Another big issue with removing the glass is that it ends the invitational aspect of the design. I want people to feel freely able to enter the gallery space and to feel able to simply wander into the open space at the front. This space has been designed to be publicly available, just like the gallery, and creating this space is a way of drawing people in. Psychologically, people will feel more able to look at the artwork through the window by entering this outdoor space than if they had to stop and look from the pavement. It also prevents any disruption to the pedestrian flow of the area. From this space, it is hoped that their initial interaction with the artwork will encourage them to enter the gallery and explore more of the work.
This open space also allows for a sign to be placed on the wall which can be easily seen by people from the Nottingham Contemporary Art Gallery. This will create a direct link with already established gallery, people will be able to walk naturally from entrance/ exit to the other, meaning people leaving the Contemporary can easily go to the Hawking Stephens Gallery, and vice versa. The site map below (1:500 when printed at A3) shows the direct line of sight and flow from one to the other.
I have developed client, furniture and materials panels for this project, they can be seen below. Please click each to enlarge.
I have produced further orthographics using various softwares to experiment with which I feel works best for me. The Iso at the top, for example, was done using Vectorworks. All images are to the scale stated when printed at A3.
To produce my plans, I have used a combination of AutoCAD (to create the raw plans) and then Photoshop (to apply textures etc). The results can be seen below.
Ground Floor Plan - 1:100 when printed at A3
First Floor Plan - 1:100 when printed at A3
Second Floor Plan - 1:100 when printed at A3
I also created a set of steel frame layout plans for each floor too.

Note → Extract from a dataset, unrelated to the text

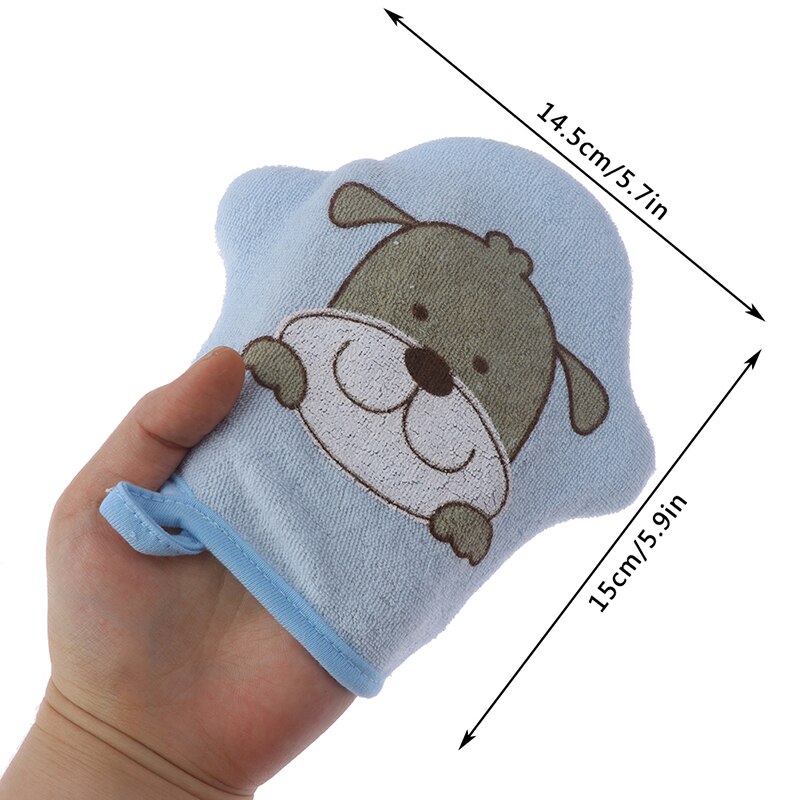 Esponja de baño para bebé, cepillo de ducha de algodón, supersuave, lindo Animal de esponja, Bola de toalla para frotar en polvo para bebés y niños: blue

Ground Floor Steel Structure Plan - 1:100 when printed at A3
First Floor Steel Structure Plan - 1:100 when printed at A3
Second Floor Steel Structure Plan - 1:100 when printed at A3
Sketch models are a very valuable way of exploring concepts and ideas. Below are some photographs of sketch models I have made.
Cinema 4D is a very powerful renderer and animation suite. It is capable of creating and rendering objects and scenes in one go, as well as animating them. Such features are very useful for a variety of reasons in a variety of applications. However, at this stage, I have used Cinema 4D to generate some organic shapes for me to explore.
I used these shapes to trace over and draw on, this can be seen in my sketchbook.